You expect the unexpected with a Rupert Goold production. So entering the Royal Shakespeare Theatre’s beautifully renovated auditorium in Stratford-upon-Avon for a production of The Merchant of Venice to find that designer Tom Scutt has converted the place into a Las Vegas casino will not be that much of a shock – especially to those who saw the director’s Elizabethan and 21st century Romeo and Juliet. But because Goold here takes the idea so far, the initial surprise grows into astonishment. 
While a dapper man who turns out to be Antonio (Scott Handy) sits coolly playing blackjack, all about him are the gaudy trappings of Sin City. Leggy waitresses ply high-stakes and small-town gamblers with drinks, and a hip-gyrating, jumpsuit-wearing Elvis impersonator – who later turns out to be Shylock’s Jew-hating servant Launcelot Gobbo (Jamie Beamish) – further sets the deliciously trashy mood with some pretty good renditions of the King’s classics. This is not what Stratford’s regulars have come to expect. 
Meanwhile in normally peaceful Belmont, Portia is not the serene heiress we are used to, but a ditzy, dumb blonde of the prom-queen variety. All heels and hair, she is later transformed into the legal eagle who saves Antonio's flesh, much like the character that apparently inspired Susannah Fielding’s terrific performance, the lead role in Legally Blonde
Against all this frippery, Patrick Stewart’s steely Shylock stands out as the main note of sobriety in a town that, had it been around for long enough, could have been twinned with Gomorrah. The play’s centuries-old anti-Semitism is given a modern twist when Aidan Kelly’s Mafia-like wise-guy Solanio greets Shylock with a hiss of Holocaust gas. It appears to go entirely unnoticed by Shylock until Stewart's Shylock sends it back to Solanio with the question, ”If you poison ussssssss, do we not die?” 
Counting the first time Stewart spoke Shakespeare’s words at the age of 12 when he read out Shylock’s “Hath a Jew not eyes” speech to his classmates, this is the fourth time the actor has taken on the role. His latest version is a silvery and smooth operator, seething with resentment at his treatment by the Christians around him. At first he wears no skullcap or shawl.
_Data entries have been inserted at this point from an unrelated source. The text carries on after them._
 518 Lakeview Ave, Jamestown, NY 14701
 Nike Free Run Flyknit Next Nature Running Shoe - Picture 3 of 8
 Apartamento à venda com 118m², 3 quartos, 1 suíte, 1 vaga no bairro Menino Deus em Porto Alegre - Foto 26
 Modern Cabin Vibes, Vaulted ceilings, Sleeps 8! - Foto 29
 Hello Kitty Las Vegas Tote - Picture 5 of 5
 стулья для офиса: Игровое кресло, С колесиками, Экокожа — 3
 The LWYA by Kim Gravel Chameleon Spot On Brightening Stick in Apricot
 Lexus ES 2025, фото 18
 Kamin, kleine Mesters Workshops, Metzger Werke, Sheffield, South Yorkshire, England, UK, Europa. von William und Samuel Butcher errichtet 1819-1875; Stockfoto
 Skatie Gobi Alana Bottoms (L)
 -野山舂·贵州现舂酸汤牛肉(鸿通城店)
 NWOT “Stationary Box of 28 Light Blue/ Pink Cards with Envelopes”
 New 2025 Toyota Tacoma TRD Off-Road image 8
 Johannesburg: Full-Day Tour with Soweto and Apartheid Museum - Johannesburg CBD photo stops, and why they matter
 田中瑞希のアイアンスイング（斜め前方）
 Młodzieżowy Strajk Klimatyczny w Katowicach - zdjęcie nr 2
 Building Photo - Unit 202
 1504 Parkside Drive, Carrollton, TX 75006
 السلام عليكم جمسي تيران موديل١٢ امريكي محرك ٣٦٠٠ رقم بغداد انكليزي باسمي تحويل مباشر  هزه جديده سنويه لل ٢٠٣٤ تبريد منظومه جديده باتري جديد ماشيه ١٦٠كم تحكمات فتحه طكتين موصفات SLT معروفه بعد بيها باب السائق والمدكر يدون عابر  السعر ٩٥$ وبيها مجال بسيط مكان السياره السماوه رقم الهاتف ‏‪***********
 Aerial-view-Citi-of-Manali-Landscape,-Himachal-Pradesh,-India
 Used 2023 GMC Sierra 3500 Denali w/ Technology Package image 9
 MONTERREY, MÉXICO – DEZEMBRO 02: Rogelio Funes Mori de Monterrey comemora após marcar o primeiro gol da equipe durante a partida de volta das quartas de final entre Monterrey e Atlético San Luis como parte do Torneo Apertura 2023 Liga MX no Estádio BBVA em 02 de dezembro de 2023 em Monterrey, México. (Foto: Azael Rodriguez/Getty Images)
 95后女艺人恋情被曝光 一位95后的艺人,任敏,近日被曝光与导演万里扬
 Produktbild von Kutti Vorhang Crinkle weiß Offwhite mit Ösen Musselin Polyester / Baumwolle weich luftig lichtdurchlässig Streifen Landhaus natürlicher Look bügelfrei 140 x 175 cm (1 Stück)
Only later, at home – a sanctuary from the vulgarity of the city – is he seen wearing the garb of the orthodox Jew. This detail, however, is strangely unconvincing as part of a portrait of a man who is earlier established as a casino owner – a man who helps sustain the culture that he now apparently abhors. 
It is one of the few false notes in a night that takes high-stakes risks with the play’s conventions. In this setting of gangsters, hustlers and molls, Shakespeare’s language could have been written by Damon Runyon; his characters – but for Shylock – might have stepped out of Guys and Dolls
And yet, despite the cavorting Elvis, the TV game show and the occasional updated reference – Antonio’s debt of 3,000 ducats is inflated to three million dollars – there is never the sense here that this astonishing production's first loyalty is to anything other than the play. Well, Goold perhaps – though certainly not, in his final scheduled role for the RSC before returning to film, Stewart's Shylock, which is very fine though not as commanding as his Macbeth, which Goold also directed. 
Purists hoping for a classic Merchant will be disappointed as well as agog at the audacity with which the play's conventions are changed. But this is one Merchant of Vegas they will never forget.